:: ENTRIES SUPPLIED ::
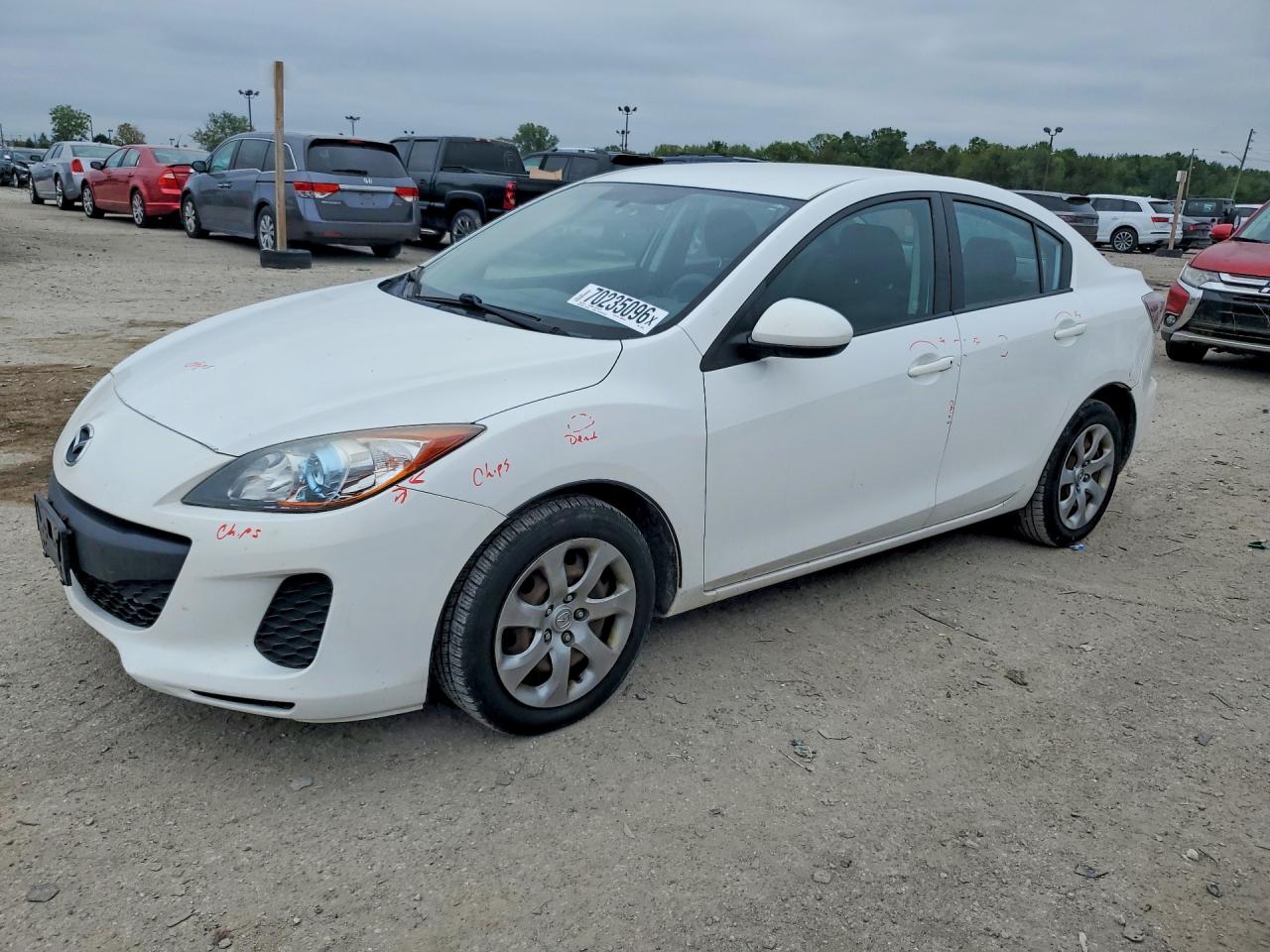Photo of the 2013 MAZDA 3 I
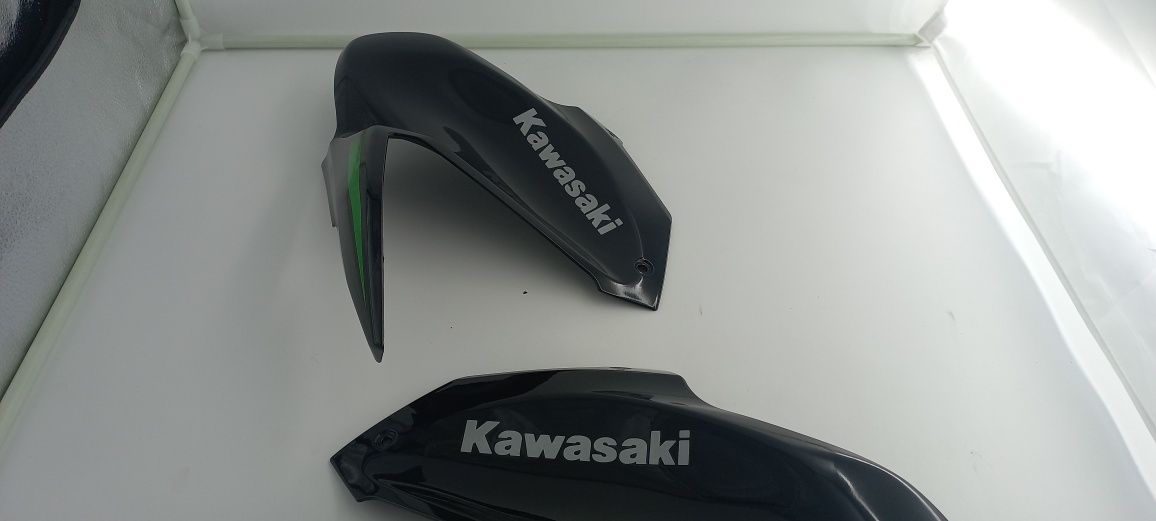 Kawasaki z900 nakladka na bak owiewka L P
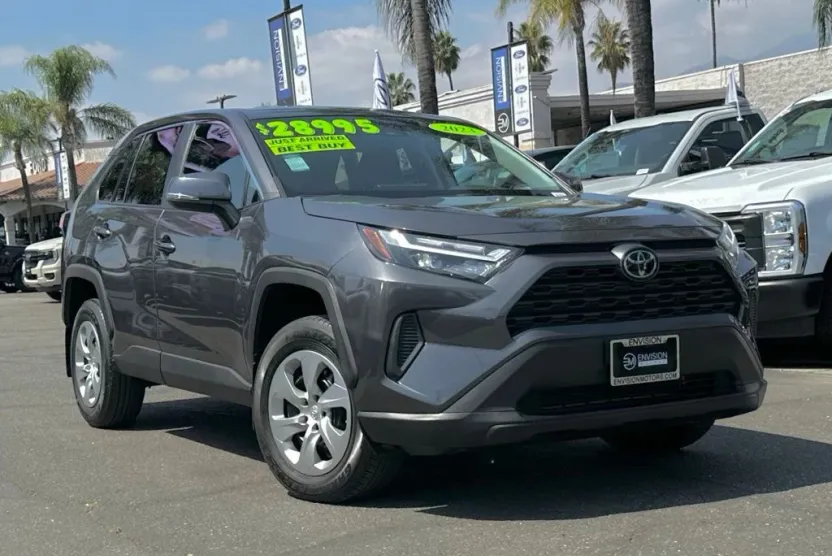 2023 Toyota RAV4 LE photo 1
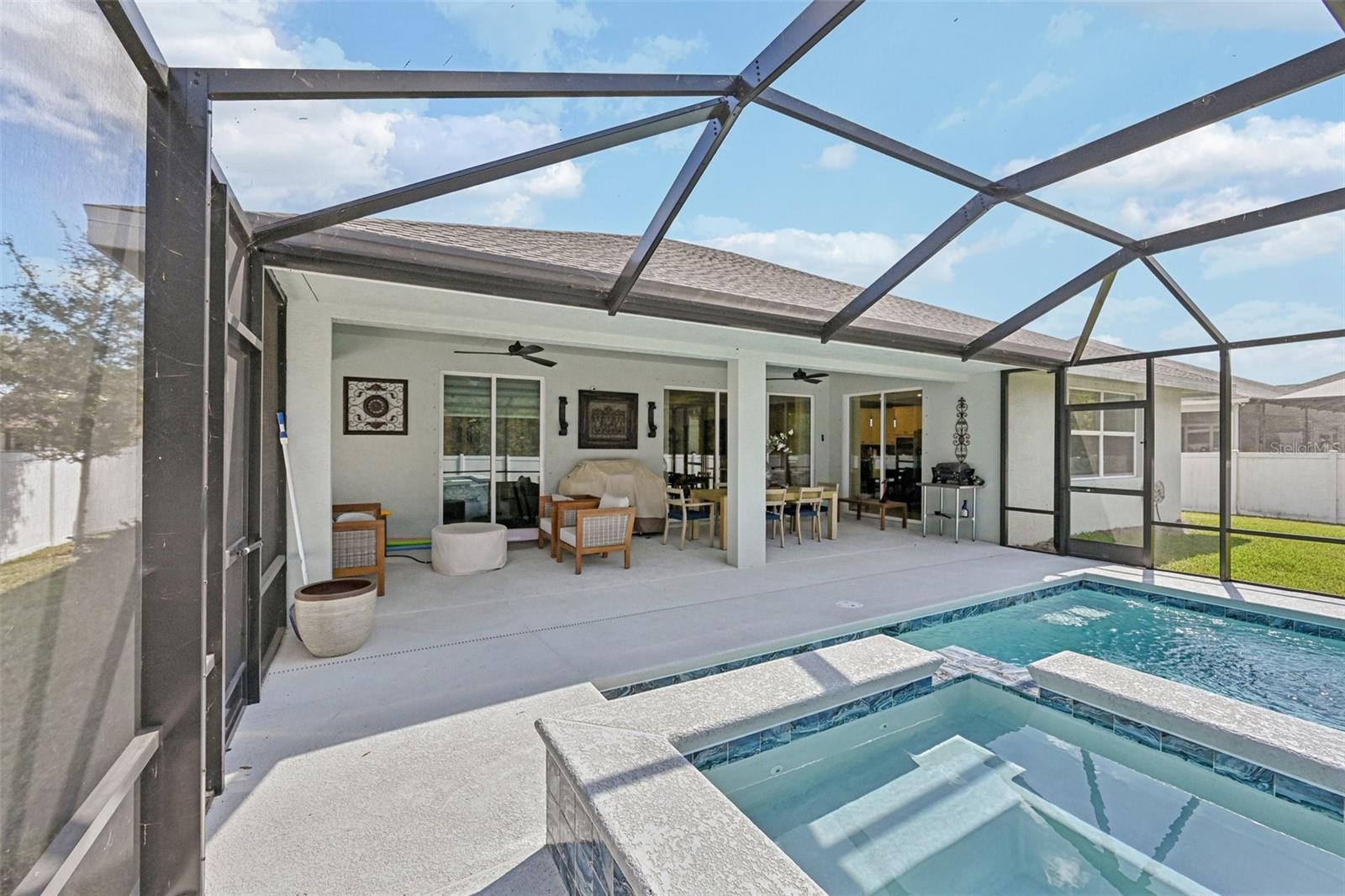 3955 OAK HOLLOW AVE, VERO BEACH, FL, 32966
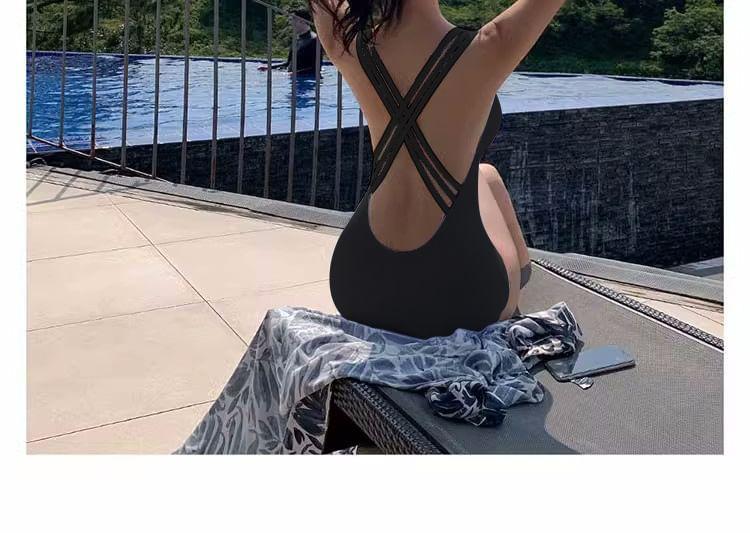 Spaghetti Strap V-Neck Plain Criss Cross Swimsuit Product Image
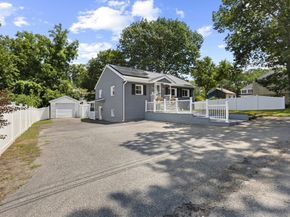 34 Glenvale Ave, Billerica MA 01821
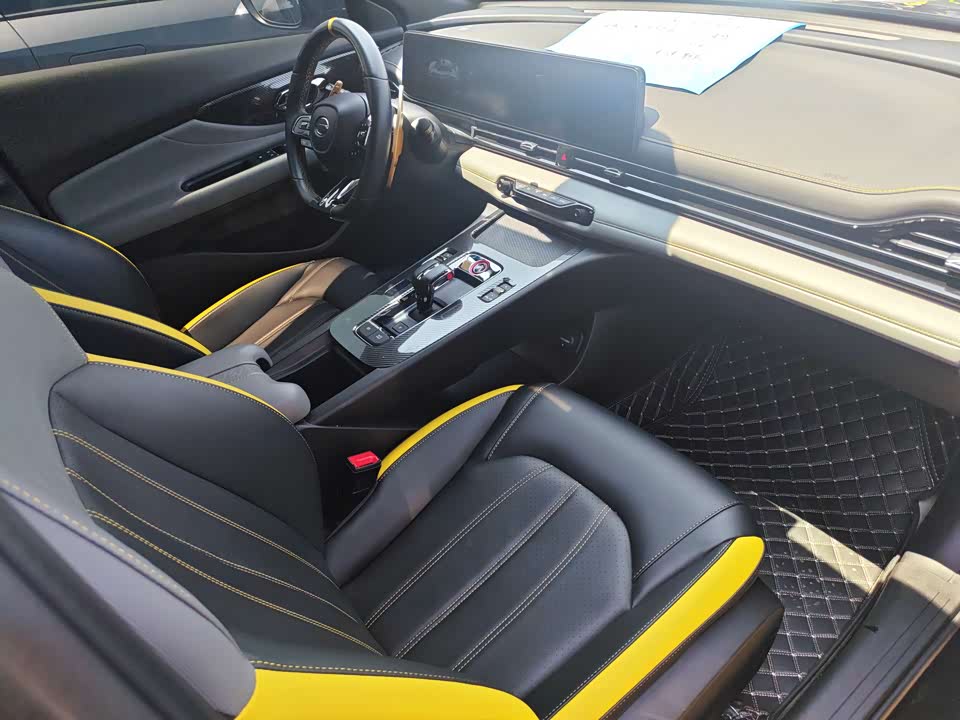 Trumpchi Shadow Leopard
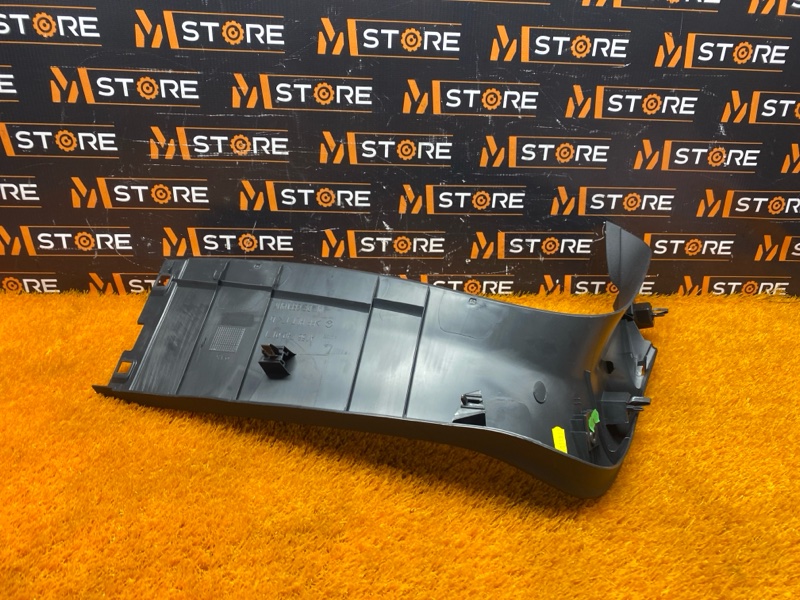 обшивка двери багажника, 510 рублей, Красноярск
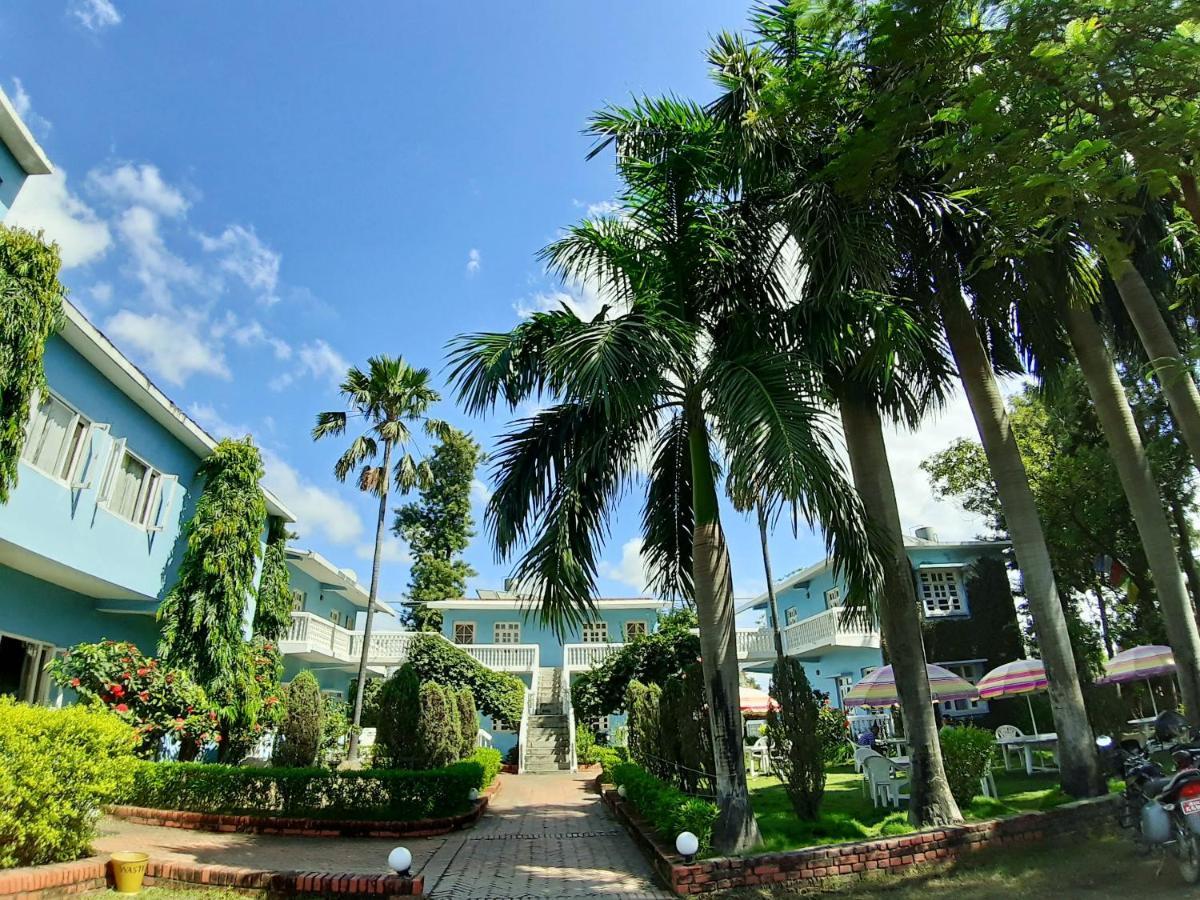 Hotel Megha-Traveller'S Village Nepalgunj Exterior photo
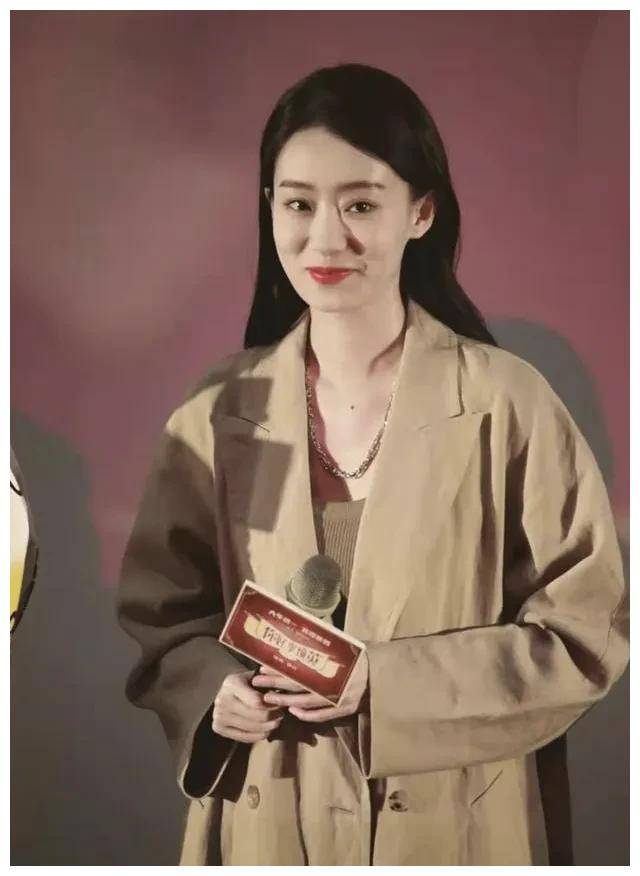 张小斐惊艳登场,内娱江湖地位凸显,37岁魅力全开_实力派_崛起_贾玲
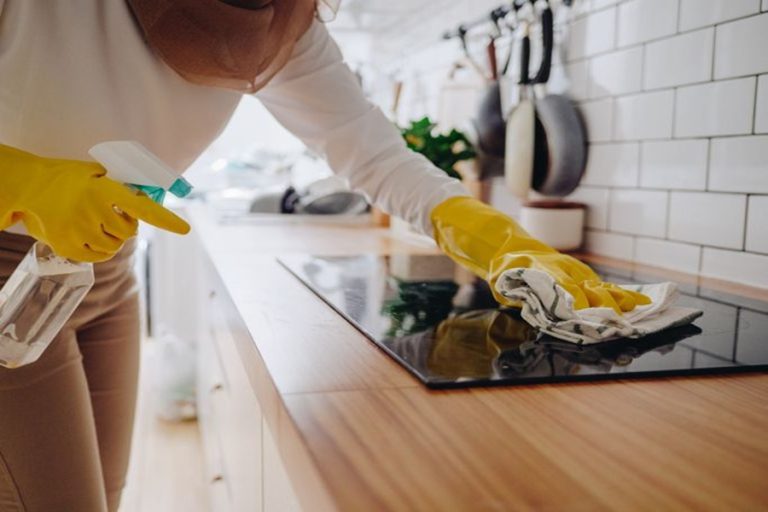 How to Clean Your Stovetop and Finally Get That Layer of Grease Off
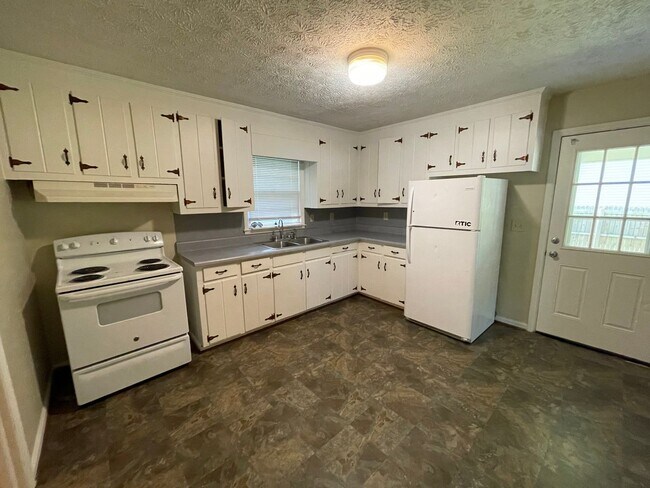 Building Photo - Updated 3/1 House in Lindale $1,295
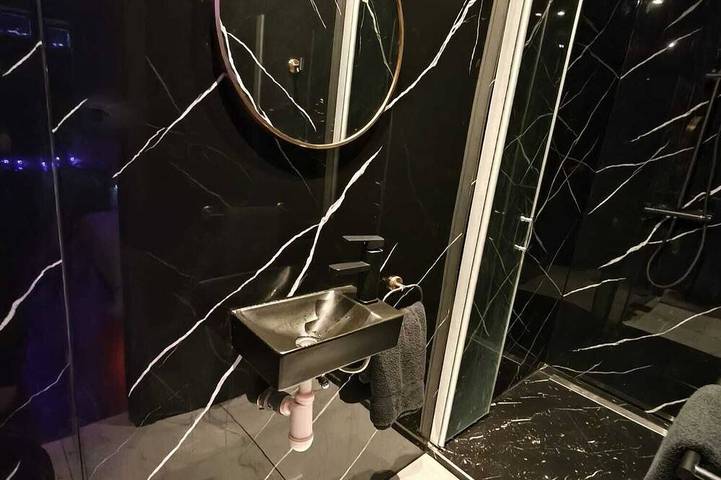 Gîte pour 2 personnes, avec jacuzzi à Charleroi - 4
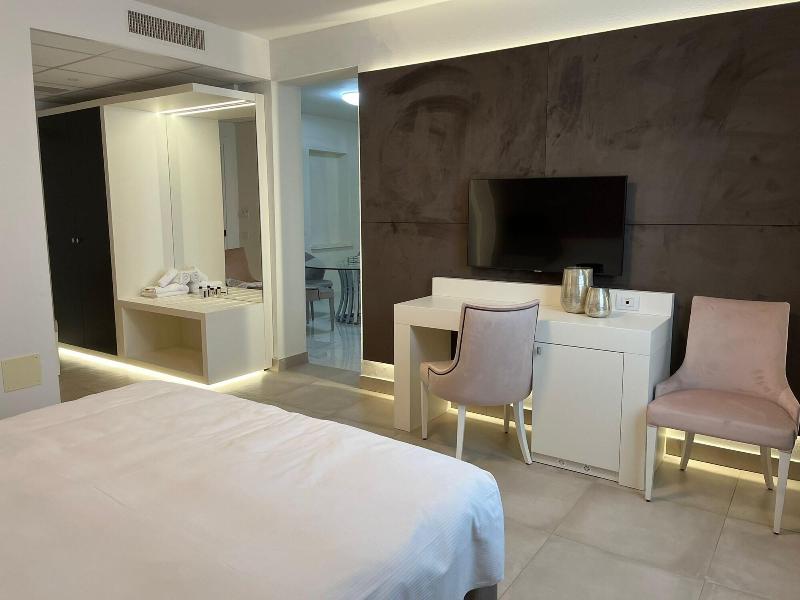 M2 Hotel image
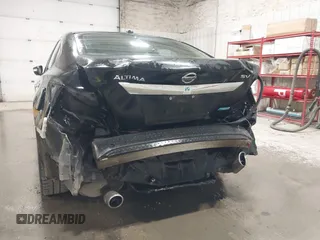 2013 Nissan Altima SV with VIN 1N4AL3AP3DN565964, listed as a IAAI auction lot 42519726 with 90,480 mi miles and . Bid and sale history available at DreamBid. Image 6.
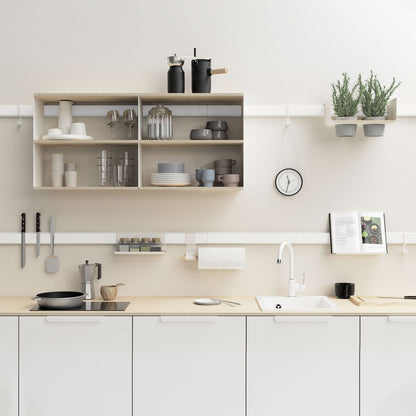 Rail mural Variand LED en finition blanche dans une cuisine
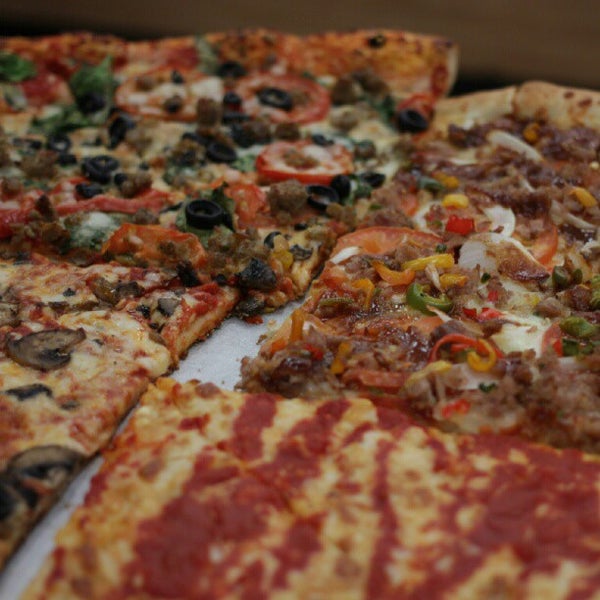 8/31/2012 tarihinde Chuco T.ziyaretçi tarafından Kaimuki&#39;s Boston Style Pizza'de çekilen fotoğraf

:: PROBLEM ::
Lines from the one above containing "How to Clean" down to the one containing "Rail mural Variand" should be transcribed exactly, with both ends kept and no pictures.

:: ANSWER TO THIS TASK ::
 How to Clean Your Stovetop and Finally Get That Layer of Grease Off
 Building Photo - Updated 3/1 House in Lindale $1,295
 Gîte pour 2 personnes, avec jacuzzi à Charleroi - 4
 M2 Hotel image
 2013 Nissan Altima SV with VIN 1N4AL3AP3DN565964, listed as a IAAI auction lot 42519726 with 90,480 mi miles and . Bid and sale history available at DreamBid. Image 6.
 Rail mural Variand LED en finition blanche dans une cuisine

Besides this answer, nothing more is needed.